Restic dedup strategy


#1

Hi!

I was researching backup solutions when I’ve found restic because of the support of B2 cloud storage.

One thing I’ve noticed is that resting performs the worst when comparing deduplication performance according to this benchmark made by Duplicacy.

According to this restic wastes A LOT of more space making its dedup strategy almost useless when compared to attic and others? It’s ~2.5x bigger!

I would like to know the following before using restic:

  1. Is this benchmark updated and does restic still under performs on deduplication?
  2. Any plans to support the famous lock-free deduplication algorithm or to improve the current one?

Thank you!


#2

Hi!

I cannot answer the question (someone else will), but my thought when reading your post was “why not try it anyway?”. Give restic a shot with some data, you decide how big it is, and see how it works out for you. Benchmarks isn’t everything :slight_smile:

Either case, looking forward to a more on topic reply!


#3

Hey, welcome to the forum!

I had a quick look at the benchmarks and it’s not impossible that they are accurate. restic does not support compression (yet) and uses JSON as the data storage format for meta data, which is famously verbose.

I’m sure that something else is going on here, maybe I can find some time to reproduce the benchmarks and have a look at what’s happening.

The benchmark was made with an older version of restic, but since we haven’t changed anything on the core data structures the same results can likely be observed with the most recent version.

I’ve had a look at the algorithm that dulicacy use and it’s an interesting idea, but it’s not possible to apply this directly to restic.


#4

I’ve spent some time to look at the benchmarks and observed the same results.
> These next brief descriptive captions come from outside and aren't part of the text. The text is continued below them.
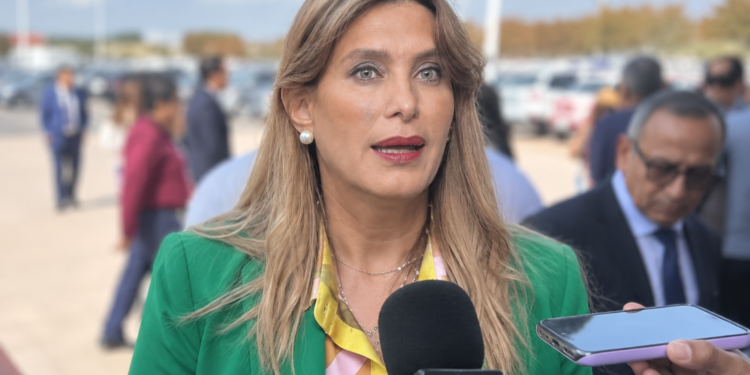 Llama Maky Ortiz a postular perfiles limpios y sin nexos criminales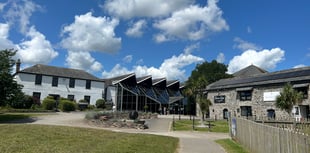 Country club celebrates 30 years since Royal opening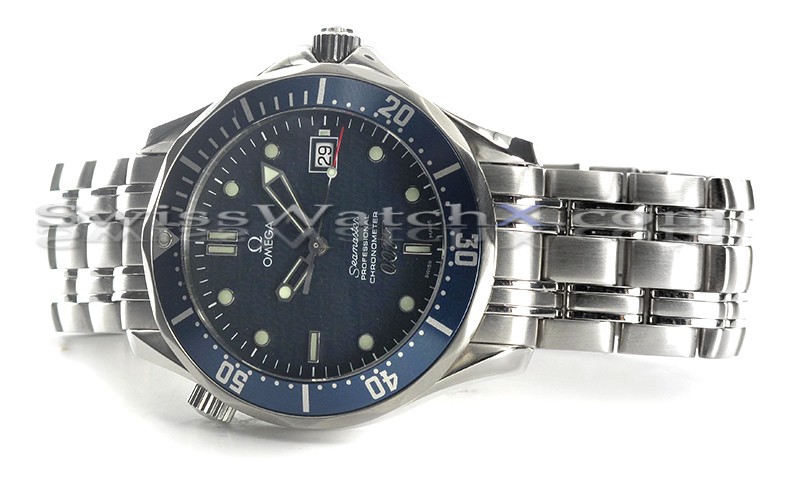 Omega Seamaster 300m 2537.80.00 - Clicca l'immagine per chiudere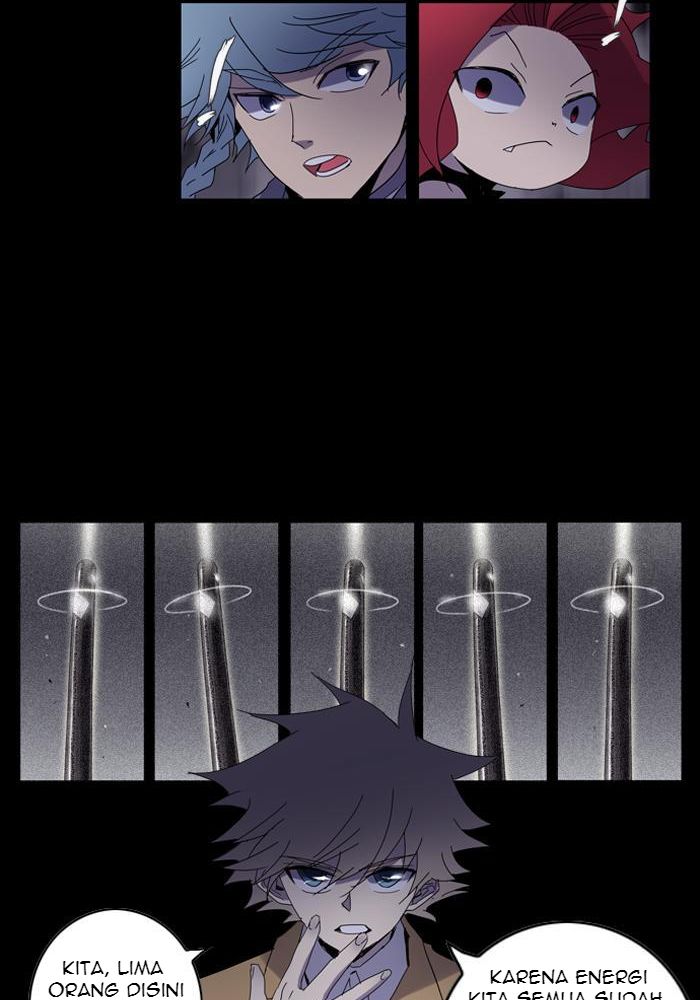 Soul Cartel Chapter 45 - halaman 25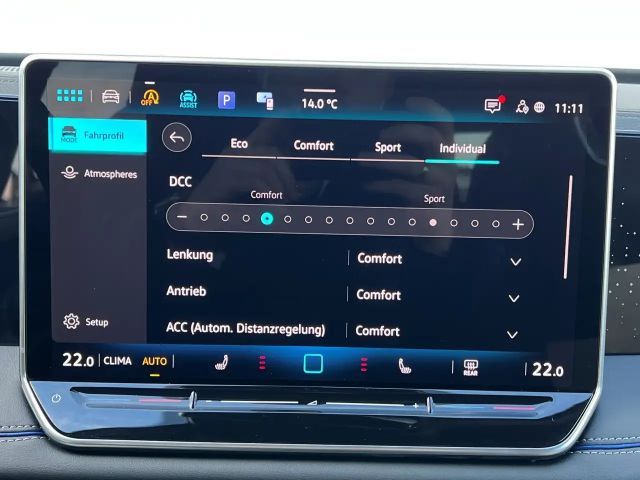 Volkswagen Tiguan DSG R-Line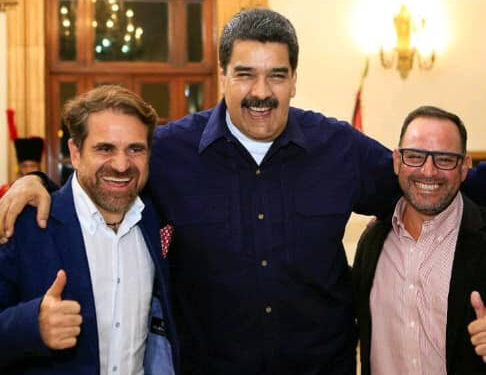 Alcalde Betancourt resaltó los avances durante su gestión en salud, transporte y seguridad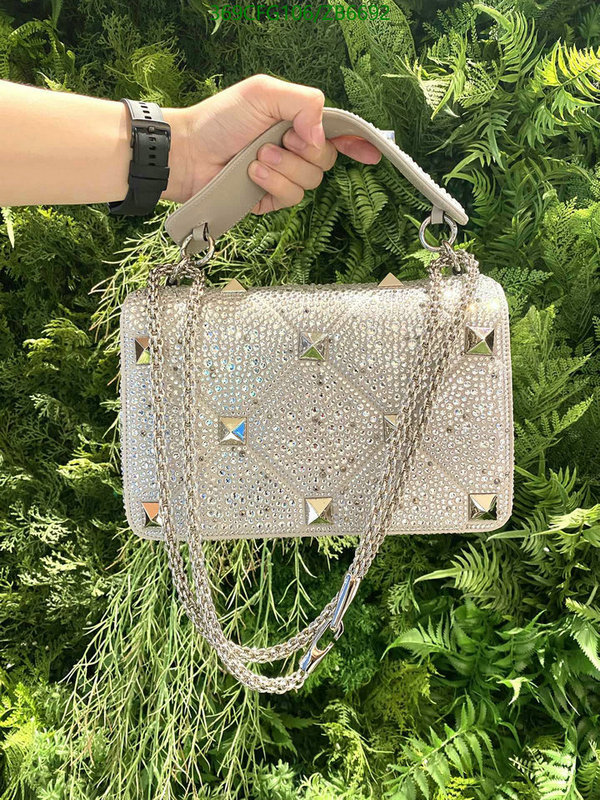 V*alentino-👜》Bag-Mirror Quality Code: ZB6692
The main reason for the large restic repository size in the test case with the Linux kernel code is that restic does not compress the data and metadata yet. C source code can be compressed quite a lot.

I’ve quickly hacked a version of restic together that compresses most data with the “snappy” algorithm (moderate compression, very fast), and ended up with 853MiB repository size, which is quite similar to the other programs (duplicacy: 834MiB).
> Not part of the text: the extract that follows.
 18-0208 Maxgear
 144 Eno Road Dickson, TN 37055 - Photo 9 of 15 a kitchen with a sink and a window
So, in order to improve the situation we need to add compression, which requires changing the repo format. This is tracked here: https://github.com/restic/restic/issues/21


#5

Thank you so much for explaining it. I was really curious because restic was the only one to diverge from the other solutions.

Is there any projection about the release of the new repo format? I took a look ate the issues and they have quite a few time. Just curious, I’ve been reading a few issue topics and love the way this project is managed.

Thank you once again.


#6

No, there isn’t. We (and particularly I) am currently busing with two different issues:

I’m very glad to hear that! Would you mind elaborating a bit what you particularly like, or what we do differently from other projects? It’d really help me and the other contributors :slight_smile:


#7

I have been testing Restic, Borg, and Duplicacy as my potential backup solutions over the last couple of weeks.
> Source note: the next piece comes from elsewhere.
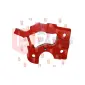 Корпус аппарата Welger AP12 - фото № 1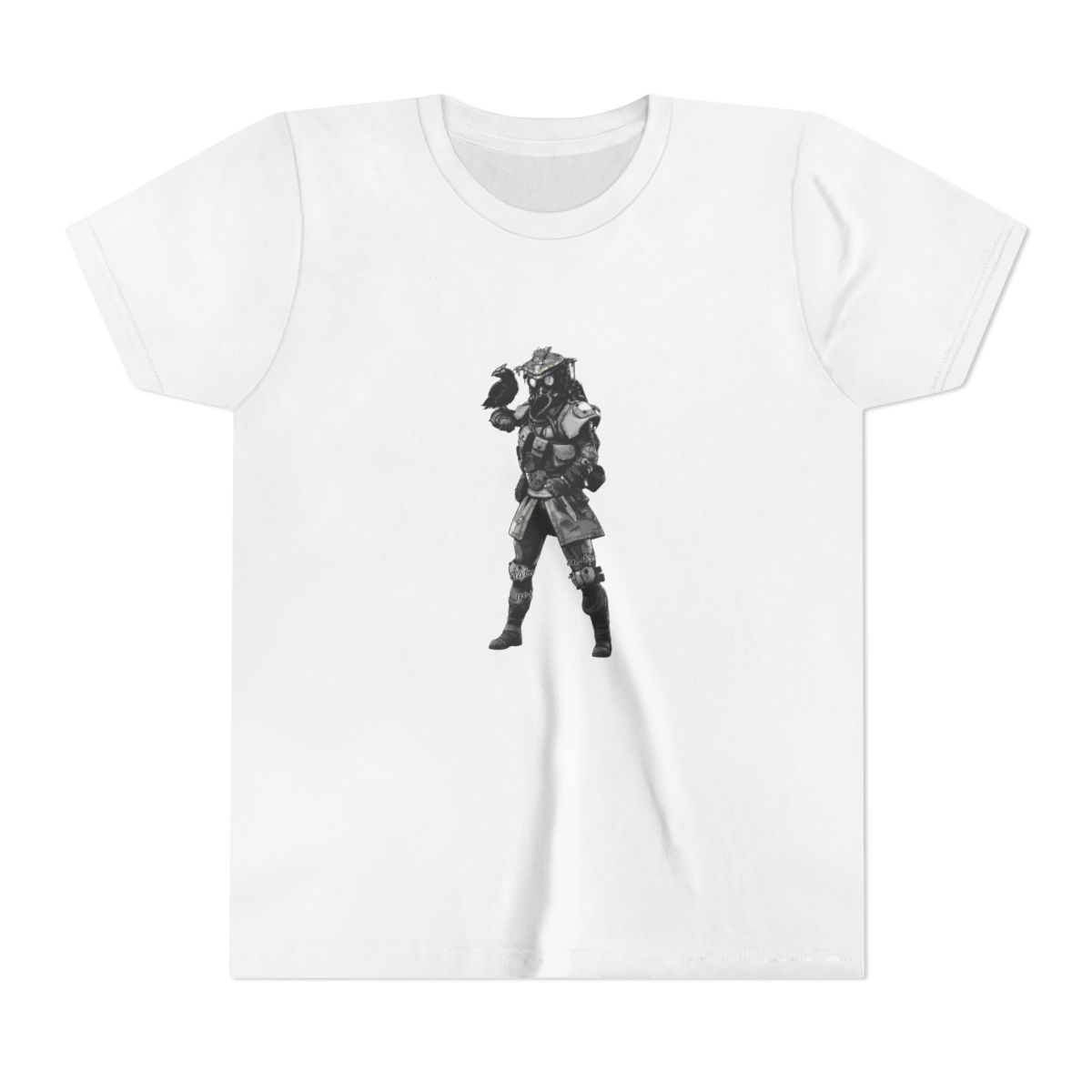 Bloodhound Legend - Apex Kids T Shirt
Right now, I have the same data (a user home directory) being backed up to both restic and duplicacy repos. Each repo is on a different dataset on my NAS, so I can track their size.

Both of them are backing up the same data and I tried to create the same EXCLUDES for each, although there may be some inconsistencies in the excludes (duplicacy excludes are dead freakin simple).

My Restic dataset/repo is 50.1GiB while my Duplicacy dataset/repo is 50.0 GiB.

While this is not a ‘scientific’ test, or accurate by any means, I can say that they seem to be pretty much on par with each other. Speed is almost negligible between them. Restic takes slightly longer, but not enough to concern myself with on regular backups. Overall I am heavily leaning toward Duplicacy right now, but I do have a few months to decide.


#8

Very interesting, thanks for the data point! That’s real-life data (not artificially generated or just one subtype of file, like source code)?

I suspected that the test with the Linux kernel code is a bit of a special case, because there restic not having compression (yet) makes the repo grow in size so much.

Glad you found two solutions that work for you. I’d be interested in which you chose ultimately (and why) :slight_smile:


#9

Yes, that is the home directory of my Fedora 26 desktop (configs, documents, pictures, etc). I have a bunch of excludes so there really is a lot more data than that.


#10

@flamingm0e, I wonder whether the 50.1GB are the whole restic repository or only the data/ subdirectory? If it’s the whole repository, how much of it is data/ and how much is index/?